Data listing:
[Start of section]

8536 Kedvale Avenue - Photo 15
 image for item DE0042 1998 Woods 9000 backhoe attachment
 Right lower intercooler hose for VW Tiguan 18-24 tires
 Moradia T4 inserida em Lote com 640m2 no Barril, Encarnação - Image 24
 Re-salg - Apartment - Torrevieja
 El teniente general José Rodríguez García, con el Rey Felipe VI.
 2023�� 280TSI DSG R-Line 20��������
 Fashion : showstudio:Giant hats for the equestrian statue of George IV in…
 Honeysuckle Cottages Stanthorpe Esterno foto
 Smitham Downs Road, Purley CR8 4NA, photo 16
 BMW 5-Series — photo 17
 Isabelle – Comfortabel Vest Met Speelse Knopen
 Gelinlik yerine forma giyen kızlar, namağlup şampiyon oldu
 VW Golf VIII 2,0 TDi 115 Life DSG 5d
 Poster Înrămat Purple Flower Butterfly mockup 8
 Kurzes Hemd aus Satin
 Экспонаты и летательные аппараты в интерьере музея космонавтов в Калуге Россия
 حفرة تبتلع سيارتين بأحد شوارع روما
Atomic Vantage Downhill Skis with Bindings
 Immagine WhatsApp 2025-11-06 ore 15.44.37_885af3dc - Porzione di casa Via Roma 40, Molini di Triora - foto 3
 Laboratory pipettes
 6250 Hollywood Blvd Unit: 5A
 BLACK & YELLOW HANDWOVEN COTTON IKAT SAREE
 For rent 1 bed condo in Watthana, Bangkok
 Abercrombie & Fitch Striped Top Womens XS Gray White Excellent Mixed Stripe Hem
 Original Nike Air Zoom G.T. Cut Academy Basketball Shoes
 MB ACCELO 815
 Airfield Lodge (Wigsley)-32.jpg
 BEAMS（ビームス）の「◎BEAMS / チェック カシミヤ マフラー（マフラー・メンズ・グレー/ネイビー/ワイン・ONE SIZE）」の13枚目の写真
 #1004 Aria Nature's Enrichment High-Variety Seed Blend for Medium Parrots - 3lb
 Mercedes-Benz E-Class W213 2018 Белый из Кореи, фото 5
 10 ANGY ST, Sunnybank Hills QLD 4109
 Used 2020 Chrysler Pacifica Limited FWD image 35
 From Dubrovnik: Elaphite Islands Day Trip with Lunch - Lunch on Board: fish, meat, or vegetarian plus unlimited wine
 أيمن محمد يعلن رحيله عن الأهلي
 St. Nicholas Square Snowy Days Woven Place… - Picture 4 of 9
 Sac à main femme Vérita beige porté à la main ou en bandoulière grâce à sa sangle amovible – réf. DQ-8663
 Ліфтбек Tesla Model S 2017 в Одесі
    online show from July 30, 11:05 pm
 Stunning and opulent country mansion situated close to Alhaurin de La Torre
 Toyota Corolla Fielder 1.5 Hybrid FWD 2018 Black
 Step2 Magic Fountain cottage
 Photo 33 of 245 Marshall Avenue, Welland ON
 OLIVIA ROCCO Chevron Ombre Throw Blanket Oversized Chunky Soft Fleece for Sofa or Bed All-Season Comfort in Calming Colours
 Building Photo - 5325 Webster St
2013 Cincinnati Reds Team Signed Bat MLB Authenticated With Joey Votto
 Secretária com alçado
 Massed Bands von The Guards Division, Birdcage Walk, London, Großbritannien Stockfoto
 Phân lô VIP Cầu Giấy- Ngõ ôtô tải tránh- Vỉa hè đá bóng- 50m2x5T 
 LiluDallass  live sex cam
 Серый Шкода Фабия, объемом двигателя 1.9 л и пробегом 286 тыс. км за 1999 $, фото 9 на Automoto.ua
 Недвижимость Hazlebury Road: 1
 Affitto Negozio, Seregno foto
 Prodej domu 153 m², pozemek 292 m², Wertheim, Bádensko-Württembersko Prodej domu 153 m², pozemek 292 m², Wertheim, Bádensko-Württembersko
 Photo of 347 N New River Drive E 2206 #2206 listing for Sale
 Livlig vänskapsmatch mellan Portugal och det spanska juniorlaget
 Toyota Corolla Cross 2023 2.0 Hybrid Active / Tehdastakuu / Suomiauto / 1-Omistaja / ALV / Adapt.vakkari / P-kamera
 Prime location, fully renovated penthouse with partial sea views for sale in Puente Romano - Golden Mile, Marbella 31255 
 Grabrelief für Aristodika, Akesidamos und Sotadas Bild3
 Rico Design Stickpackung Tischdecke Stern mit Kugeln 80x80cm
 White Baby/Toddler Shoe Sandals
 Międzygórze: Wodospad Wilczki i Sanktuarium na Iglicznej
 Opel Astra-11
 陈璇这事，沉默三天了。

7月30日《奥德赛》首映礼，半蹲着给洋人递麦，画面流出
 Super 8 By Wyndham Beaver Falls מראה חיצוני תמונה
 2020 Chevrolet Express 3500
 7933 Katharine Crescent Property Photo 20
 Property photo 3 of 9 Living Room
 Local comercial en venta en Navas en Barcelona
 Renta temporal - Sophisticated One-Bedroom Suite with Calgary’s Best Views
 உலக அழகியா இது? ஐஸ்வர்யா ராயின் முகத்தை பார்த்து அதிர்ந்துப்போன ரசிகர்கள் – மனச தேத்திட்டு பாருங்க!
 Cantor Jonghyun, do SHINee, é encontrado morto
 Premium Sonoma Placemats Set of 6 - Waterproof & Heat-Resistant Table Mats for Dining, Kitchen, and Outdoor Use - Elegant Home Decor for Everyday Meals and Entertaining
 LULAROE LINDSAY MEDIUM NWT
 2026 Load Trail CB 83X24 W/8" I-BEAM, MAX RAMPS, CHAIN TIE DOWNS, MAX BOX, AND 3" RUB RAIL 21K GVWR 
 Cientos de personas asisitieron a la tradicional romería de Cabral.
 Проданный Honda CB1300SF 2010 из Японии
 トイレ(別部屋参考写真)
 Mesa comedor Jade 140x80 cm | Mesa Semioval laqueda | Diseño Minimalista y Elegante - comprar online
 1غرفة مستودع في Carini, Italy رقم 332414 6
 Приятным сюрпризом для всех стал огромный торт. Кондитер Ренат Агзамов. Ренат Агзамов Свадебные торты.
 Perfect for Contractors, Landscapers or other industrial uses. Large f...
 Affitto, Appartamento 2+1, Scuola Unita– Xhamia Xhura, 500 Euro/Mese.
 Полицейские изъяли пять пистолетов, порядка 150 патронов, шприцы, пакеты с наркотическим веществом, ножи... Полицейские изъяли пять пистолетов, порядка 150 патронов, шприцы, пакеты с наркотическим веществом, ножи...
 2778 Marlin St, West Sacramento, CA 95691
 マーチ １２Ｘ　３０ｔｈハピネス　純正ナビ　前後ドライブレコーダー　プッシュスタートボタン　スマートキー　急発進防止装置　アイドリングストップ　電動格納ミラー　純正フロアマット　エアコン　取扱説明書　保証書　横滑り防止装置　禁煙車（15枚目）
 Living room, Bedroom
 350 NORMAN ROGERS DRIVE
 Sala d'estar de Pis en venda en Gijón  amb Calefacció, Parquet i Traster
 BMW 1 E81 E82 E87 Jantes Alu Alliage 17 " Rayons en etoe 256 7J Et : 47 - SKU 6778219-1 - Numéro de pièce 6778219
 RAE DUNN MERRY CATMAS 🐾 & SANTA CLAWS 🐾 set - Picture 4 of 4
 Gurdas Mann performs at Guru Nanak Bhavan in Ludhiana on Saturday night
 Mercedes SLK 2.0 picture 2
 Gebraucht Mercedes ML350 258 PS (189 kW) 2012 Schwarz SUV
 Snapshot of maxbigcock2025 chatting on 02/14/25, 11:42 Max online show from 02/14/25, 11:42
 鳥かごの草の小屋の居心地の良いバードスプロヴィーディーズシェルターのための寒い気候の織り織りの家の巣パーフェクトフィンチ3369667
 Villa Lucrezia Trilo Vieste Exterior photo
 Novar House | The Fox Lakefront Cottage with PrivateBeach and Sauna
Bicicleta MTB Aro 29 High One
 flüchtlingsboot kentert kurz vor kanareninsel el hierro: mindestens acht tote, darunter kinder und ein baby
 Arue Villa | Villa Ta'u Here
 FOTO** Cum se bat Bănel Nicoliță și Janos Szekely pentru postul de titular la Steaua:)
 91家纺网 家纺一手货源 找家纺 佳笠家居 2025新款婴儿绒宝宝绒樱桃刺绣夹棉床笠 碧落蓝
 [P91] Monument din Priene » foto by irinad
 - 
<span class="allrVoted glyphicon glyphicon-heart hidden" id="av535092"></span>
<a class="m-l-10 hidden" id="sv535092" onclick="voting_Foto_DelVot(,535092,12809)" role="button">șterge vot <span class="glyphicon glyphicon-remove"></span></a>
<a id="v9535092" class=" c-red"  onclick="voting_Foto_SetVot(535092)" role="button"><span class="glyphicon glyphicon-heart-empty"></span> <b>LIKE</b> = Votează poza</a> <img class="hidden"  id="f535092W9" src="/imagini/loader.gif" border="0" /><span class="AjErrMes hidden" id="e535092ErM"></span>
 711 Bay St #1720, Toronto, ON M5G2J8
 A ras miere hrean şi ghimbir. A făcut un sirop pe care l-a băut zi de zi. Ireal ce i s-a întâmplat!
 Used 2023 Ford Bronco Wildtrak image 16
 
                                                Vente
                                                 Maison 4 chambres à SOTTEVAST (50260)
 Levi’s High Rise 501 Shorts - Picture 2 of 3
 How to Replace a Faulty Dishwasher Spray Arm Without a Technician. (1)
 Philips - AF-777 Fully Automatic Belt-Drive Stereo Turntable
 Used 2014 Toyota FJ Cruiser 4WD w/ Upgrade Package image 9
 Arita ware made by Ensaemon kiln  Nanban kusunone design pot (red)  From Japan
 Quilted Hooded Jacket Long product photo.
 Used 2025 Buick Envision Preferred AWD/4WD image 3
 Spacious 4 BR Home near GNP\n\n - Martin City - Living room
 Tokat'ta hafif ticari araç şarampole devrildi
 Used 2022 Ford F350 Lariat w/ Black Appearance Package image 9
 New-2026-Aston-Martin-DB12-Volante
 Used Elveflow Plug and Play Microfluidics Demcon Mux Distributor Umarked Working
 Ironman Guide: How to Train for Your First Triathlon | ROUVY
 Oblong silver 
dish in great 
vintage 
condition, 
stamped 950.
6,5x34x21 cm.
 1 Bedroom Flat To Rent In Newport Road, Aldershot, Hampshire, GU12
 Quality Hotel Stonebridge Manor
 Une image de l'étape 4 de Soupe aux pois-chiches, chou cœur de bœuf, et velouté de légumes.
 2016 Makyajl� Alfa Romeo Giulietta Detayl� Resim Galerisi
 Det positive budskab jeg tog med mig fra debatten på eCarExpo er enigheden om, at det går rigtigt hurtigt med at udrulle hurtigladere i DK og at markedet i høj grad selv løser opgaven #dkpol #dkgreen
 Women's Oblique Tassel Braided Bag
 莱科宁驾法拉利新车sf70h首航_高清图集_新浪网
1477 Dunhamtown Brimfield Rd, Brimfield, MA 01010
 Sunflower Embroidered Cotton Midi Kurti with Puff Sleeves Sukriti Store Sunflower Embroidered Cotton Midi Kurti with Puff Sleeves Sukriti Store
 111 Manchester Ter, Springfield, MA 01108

[End of section]

Lines after the one containing "Gelinlik yerine forma" are not wanted; repeat exactly each line above from the first up to and including it.

Answer to this problem:
8536 Kedvale Avenue - Photo 15
 image for item DE0042 1998 Woods 9000 backhoe attachment
 Right lower intercooler hose for VW Tiguan 18-24 tires
 Moradia T4 inserida em Lote com 640m2 no Barril, Encarnação - Image 24
 Re-salg - Apartment - Torrevieja
 El teniente general José Rodríguez García, con el Rey Felipe VI.
 2023�� 280TSI DSG R-Line 20��������
 Fashion : showstudio:Giant hats for the equestrian statue of George IV in…
 Honeysuckle Cottages Stanthorpe Esterno foto
 Smitham Downs Road, Purley CR8 4NA, photo 16
 BMW 5-Series — photo 17
 Isabelle – Comfortabel Vest Met Speelse Knopen
 Gelinlik yerine forma giyen kızlar, namağlup şampiyon oldu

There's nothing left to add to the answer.